Prompt:
What you return must match the listing exactly, with every image removed.

Information provided:
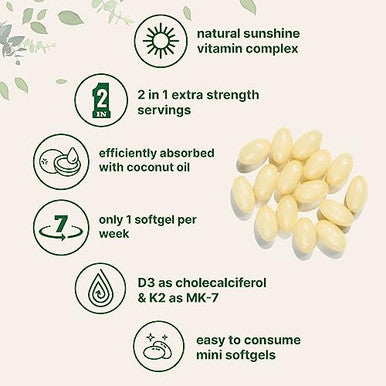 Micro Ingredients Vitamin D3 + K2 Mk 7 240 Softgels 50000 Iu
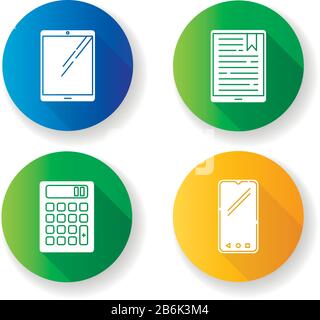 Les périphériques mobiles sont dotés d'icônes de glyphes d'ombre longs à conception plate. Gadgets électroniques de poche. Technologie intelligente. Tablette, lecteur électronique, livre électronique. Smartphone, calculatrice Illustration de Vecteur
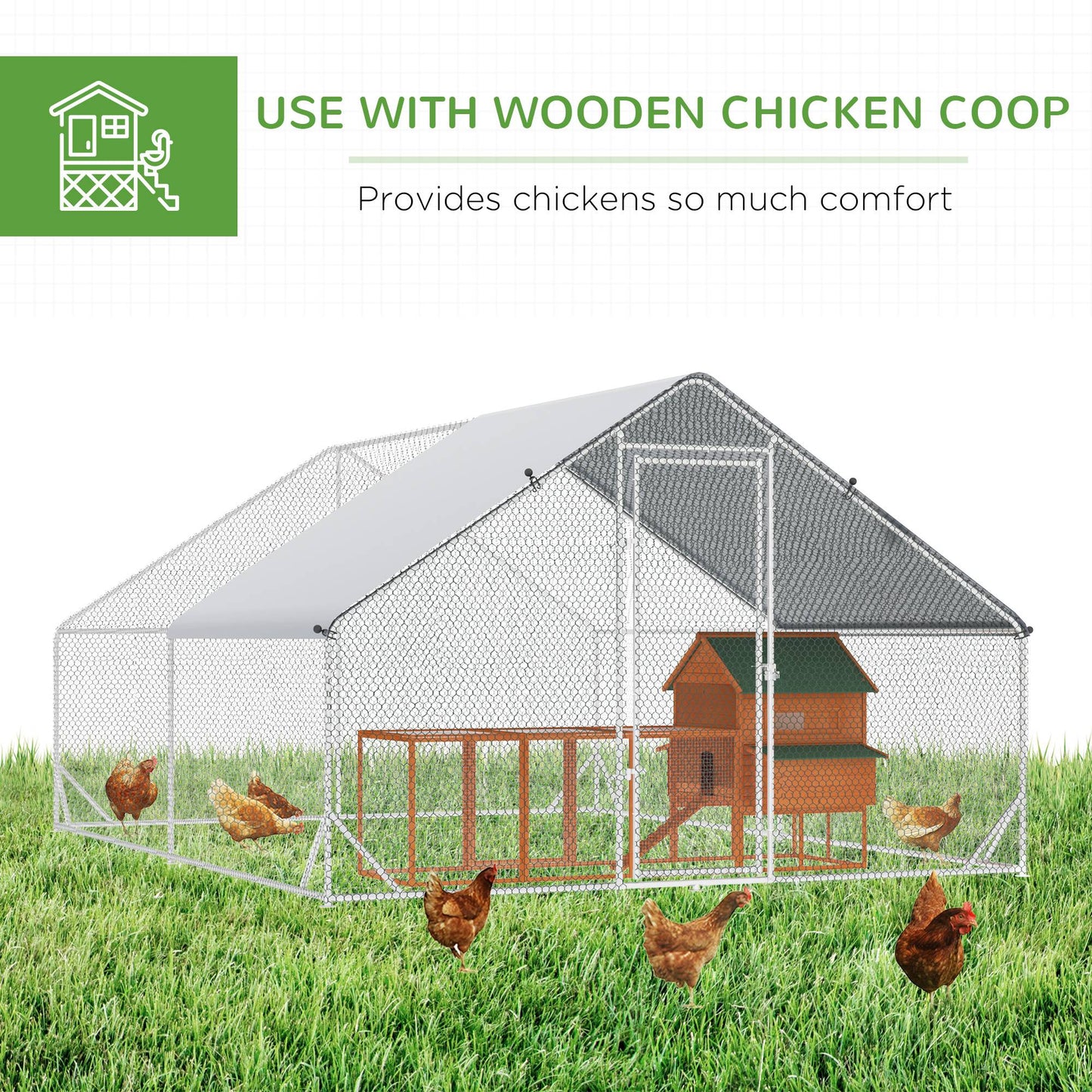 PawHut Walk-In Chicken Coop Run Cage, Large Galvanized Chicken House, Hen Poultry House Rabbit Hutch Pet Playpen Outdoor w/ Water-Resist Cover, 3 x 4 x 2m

Task response:
 Micro Ingredients Vitamin D3 + K2 Mk 7 240 Softgels 50000 Iu
 Les périphériques mobiles sont dotés d'icônes de glyphes d'ombre longs à conception plate. Gadgets électroniques de poche. Technologie intelligente. Tablette, lecteur électronique, livre électronique. Smartphone, calculatrice Illustration de Vecteur
 PawHut Walk-In Chicken Coop Run Cage, Large Galvanized Chicken House, Hen Poultry House Rabbit Hutch Pet Playpen Outdoor w/ Water-Resist Cover, 3 x 4 x 2m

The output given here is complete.